What's up with Jan Ullrich dumping his long-time, supportive partner, Gaby, prior to Le Tour? Could he be taking a page straight from Lance's playbook? If Jan shows up in France with a female rock star on his arm, I'm putting my money on him for the win.
I just wanted to say I found Cipo's farewell ride and parting words exceptionally classy for a rider known for so much spectacle:
"Behind these last thousand meters of a career is my whole life. It's difficult to end my career, but everything comes to an end. The affection of the fans is my last victory."
This shows a great sense of perspective and reverence. And he spoke these words dressed head to toe in pink. Amazing
I always loved watching Cipo get up to full gallop at the end of a race. He was a monster in his prime and simply loved to win. His glam boy image, to me, only added to the sport: who else has attempted to rock out a gold leaf skinsuit in public while maintaining any air of masculinity?
Cipo, you will be missed. Today when I go out to ride, I will put a little extra pomade in my coiffure and perch my sunglasses on my head in honor of your many victories and your class.
New York, NY
Just wondering why cycling teams are named after their sponsors rather than a club or "the team", so to speak? For example, Manchester United Football Club is called Manchester United Football Club, and not whatever their current sponsors are called. Some teams seem to have had names; for example, ONCE being named after a charity for blind people (I think), but being sponsored by Deutsch Bank. The teams are obviously teams, as you can follow the history of a team; for example, Motorola becoming USPS and then becoming Discovery, and ONCE becoming Liberty-Wurth - but to the outside observer there is no connection.
This question came to mind when reading about the Pro Tour and teams being a part of the tour for four years without relegation for bad team performance. The reason given for this was that it would give sponsors a guaranteed amount of time in the Pro Tour. Anyway, was there a time when there were real teams in cycling rather than a bunch of cyclists paid to ride by a company, and how did it change?
Eki is definitely out of this year's TdF, but could be back in time for the Vuelta. His chance at equalling the record for consecutive Tours is now lost, but I'm wondering...what's the record for most years with at least one major tour completed?

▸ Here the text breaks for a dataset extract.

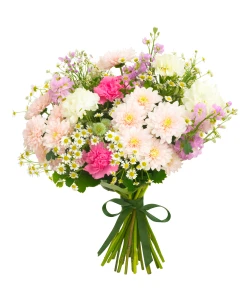 Karafiáty, chryzantémy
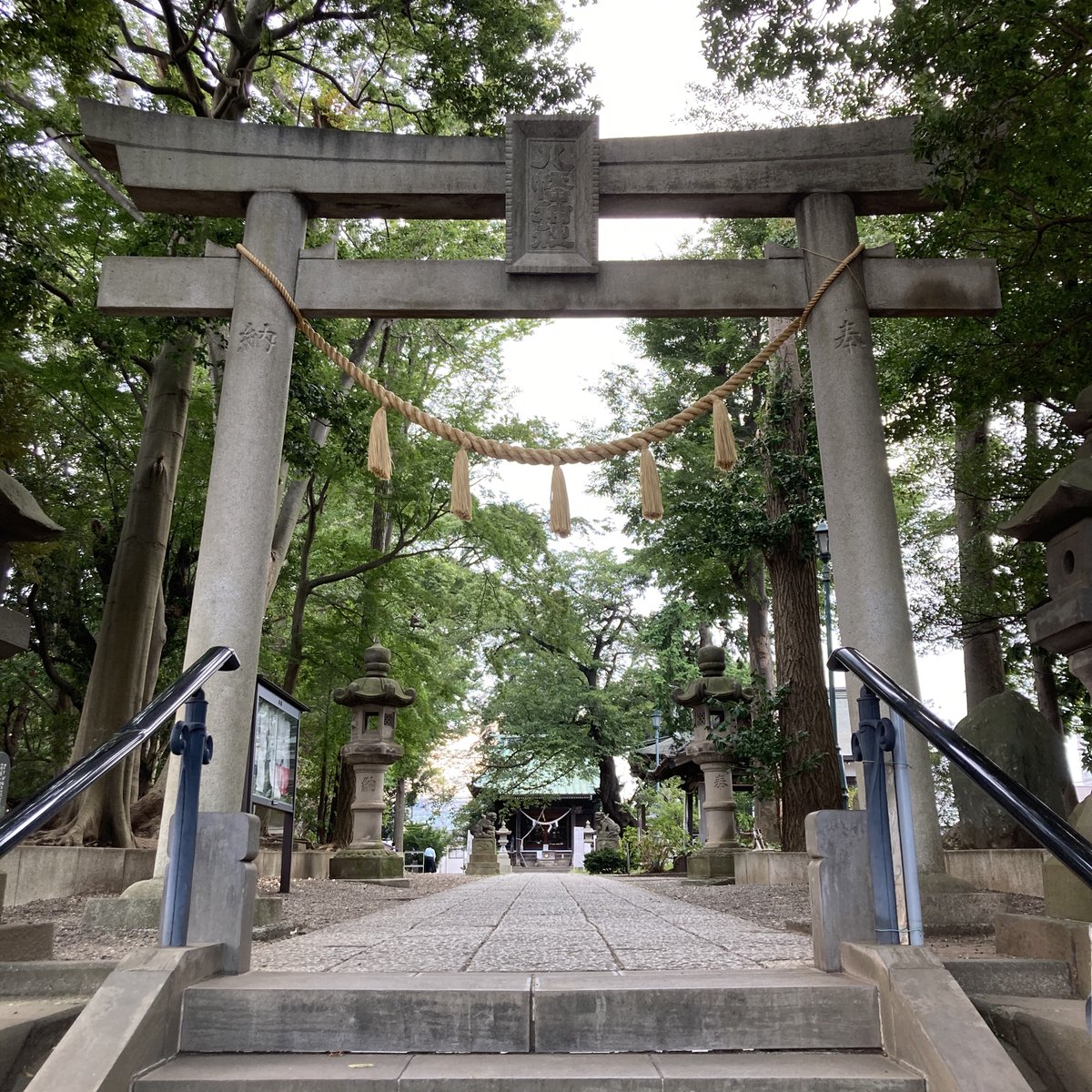 新横浜食料品センター 篠原八幡神社 夏祭りや七五三など新横浜界隈の子どもたちが お世話になることの多い神社 通称 八幡様 横浜市の名木古木指定されているクスノキやイチョウが 並んで生えている Tbsドラマ 逃げるは恥だが役に立つ の最終 新横浜食料品センター 篠原八幡神社 夏祭りや七五三など新横浜界隈の子どもたちが お世話になることの多い神社 通称 八幡様 横浜市の名木古木指定されているクスノキやイチョウが 並んで生えている Tbsドラマ 逃げるは恥だが役に立つ の最終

Peachtree City, Georgia - Home of the world's highest springtime (...ah, ah,
ah... chooo!) pollen count
We have a suggestion for Mr. Ekimov in regards to his rehabilitation and recovery. Clearly, he is a favourite with American crowds and with the Tour de Georgia supporters. Eki, come back to Georgia and train on Brasstown Bald and surrounding vicinities! At least you can be fairly certain that all the potholes on OUR roads were filled in preparation for the Tour de Georgia. The roads of North Georgia are still full of cycling enthusiasts who were inspired by you and the other great riders of the tour, so you will not be lonely. Nevertheless, the general public in the United States is less familiar with cycling as a sport than Europe, so you can train in relative peace and anonymity.

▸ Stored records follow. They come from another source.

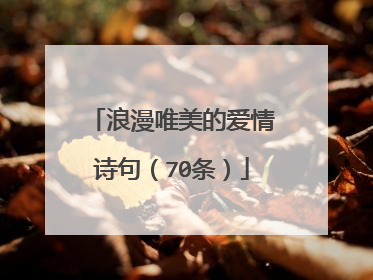 浪漫唯美的爱情诗句(70条)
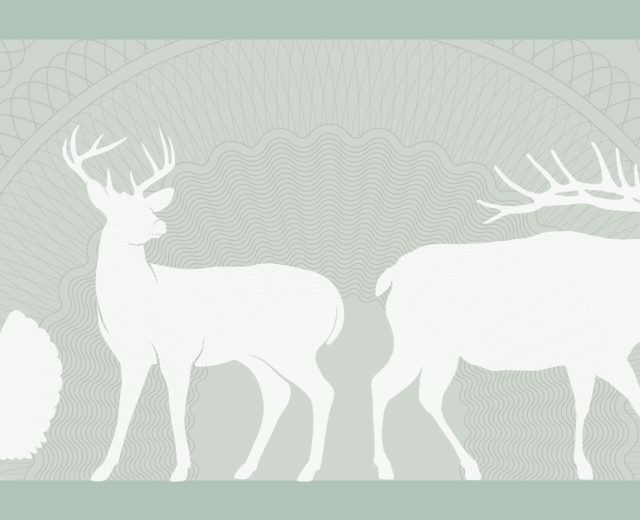 White silhouettes of a turkey, deer, and elk on the background of a money texture.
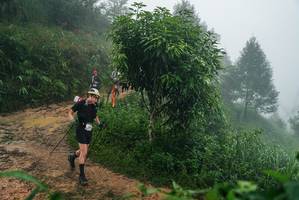 BIB: 
                            <button type="button" onclick="openModal(26379723)" class="btn btn-primary btn-sm float-right btn-popup" data-toggle="modal" data-target=".modal-high-quality">
                        <i class="fas fa-shopping-cart"></i> Add to Cart
                    </button>
                                            <button type="button" onclick="isThisMe(26379723, true)" class="btn btn-success btn-sm float-right btn-popup btn-isme hidden" data-toggle="tooltip" data-placement="bottom" title="นี่คือรูปของคุณใช่ไหม คลิกที่นี่เพื่อเอาเข้าอัลบั้ม">
                        <i class="fas fa-plus"></i> Add to album
                    </button>
                    <button type="button" onclick="isThisMe(26379723, false)" class="btn btn-warning btn-sm float-right btn-popup btn-isnotme hidden">
                        <i class="fas fa-ban"></i> Remove from album
                    </button>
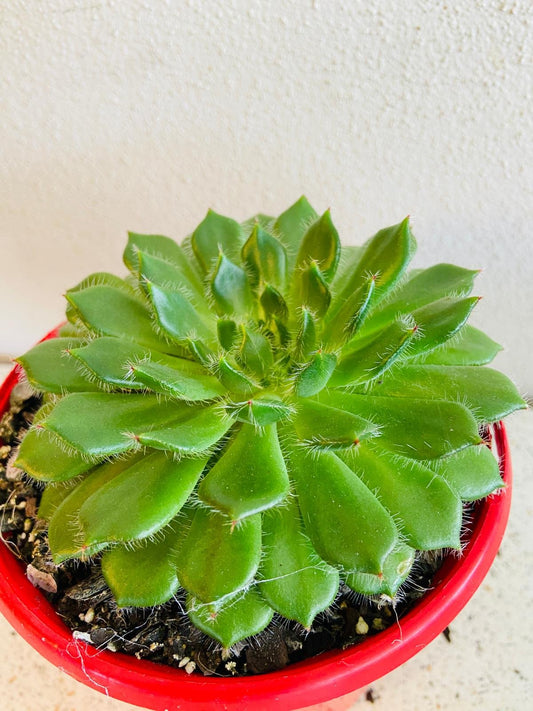 Echeveria Setosa V Ciliata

The hail and snow of last month are a distant memory, and the trout fishing is great this time of year. We may not have the great sites of Rome or St. Petersburg, but in the summer the roadside apple cider and boiled peanut stands are great for hydration or a quick shot of protein. Besides, where else can you cycle and encounter such great names as Hogpen Gap, Booger Holler, Jot-em-down Road, and Blood Mountain? So, what do you say? Eki, are you there?
Seriously, we wish you the best. Your fans are all hoping to see you back racing again soon. Never lose that great smile!